Concrete Boots

Stuart Price
Guildford Fringe Theatre Company
The Star Inn, Guildford

Concrete Boots

With a bare stage, minimal props and only the most necessary of background sound effects, Concrete Boots, like most good fringe theatre, focusses purely on storytelling without relying on gimmicks or distractions.

The result in this case is a rather austere setting, which works well for this darkly humorous tale. Guildford Fringe Theatre Company has made The Star its home and, whilst it has used the room in every type of configuration, traditional theatre seating works well for this production and nicely distances the audience from the characters who are abandoned and vulnerable.

Toby (Spencer Cummins) and Cubby (Steven Arnold) quickly reproduce the image from the publicity material and it becomes clear that the Concrete Boots of the title refers to their red buckets. The men are cemented to the spot with a tide rapidly approaching and no obvious rescue underway.

As they reflect on the fact that they are almost certainly facing death, you could be forgiven for assuming that this is rather a grim play. The truth is far from it, however, with a script that lands lightly upon serious topics before flitting to the more mundane or comic.
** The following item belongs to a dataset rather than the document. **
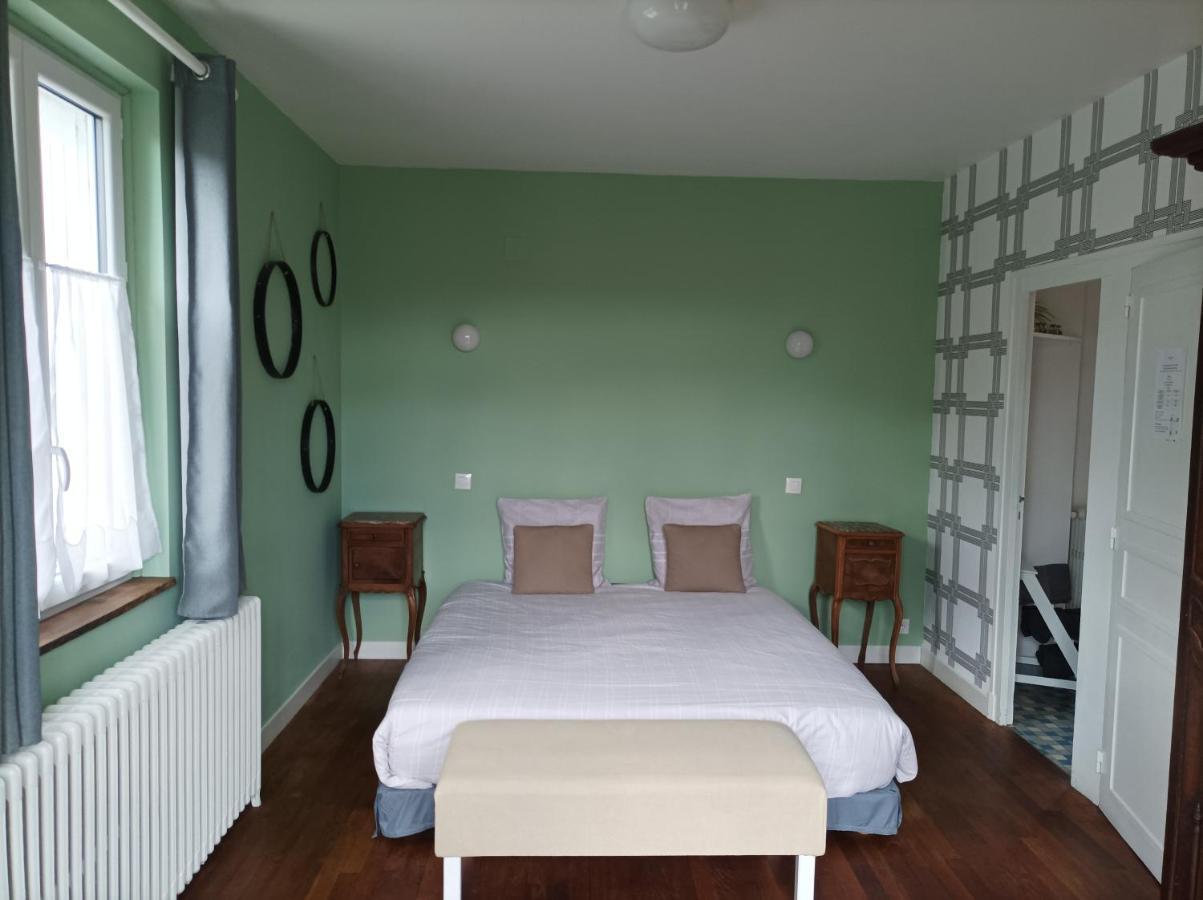 Le Relais Des Roses- Chambres D'Hotes Vatan Exterior foto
Conversations about flesh-lights and dildos entwine with discussions about modern art, 9/11 and Roald Dahl-type escape plans.

These semi-absurd topics reinforce Toby’s observation that, “no-one can really do death” and allow Arnold to demonstrate his excellent comedic timing and emotional range. The character of Cubby, whilst extremely cocky, is also likeable and cheeky and Arnold strikes exactly the right balance between swaggering bravado and ‘little boy lost.’

This contrasts with the more restrained Toby; Cummins brings an underlying frustration to the part, clenching his fists and raising his shoulders but never entirely losing his temper.

It would be easy to let scenes with so little movement drag, but Stuart Price’s direction ensures that the pace is appropriately steady and the temptation to motor through the flashbacks is avoided. Equally the sense of the cold and tiredness is neatly underplayed, evident but not over-egged.

This is a thoughtful piece of writing and the brotherly bond is vividly created offering poignant and amusing moments. There is slight repetition in places, particularly from the character of Toby, and the first flashback to their schooldays (this is not immediately obvious) sits slightly awkwardly amongst the other snappier vignettes from their past.

There are a few moments in the longer speeches where the dialogue still feels scripted but overall the language and characters merge to form a compelling hour of theatre with an ending that, whilst not entirely surprising, satisfies.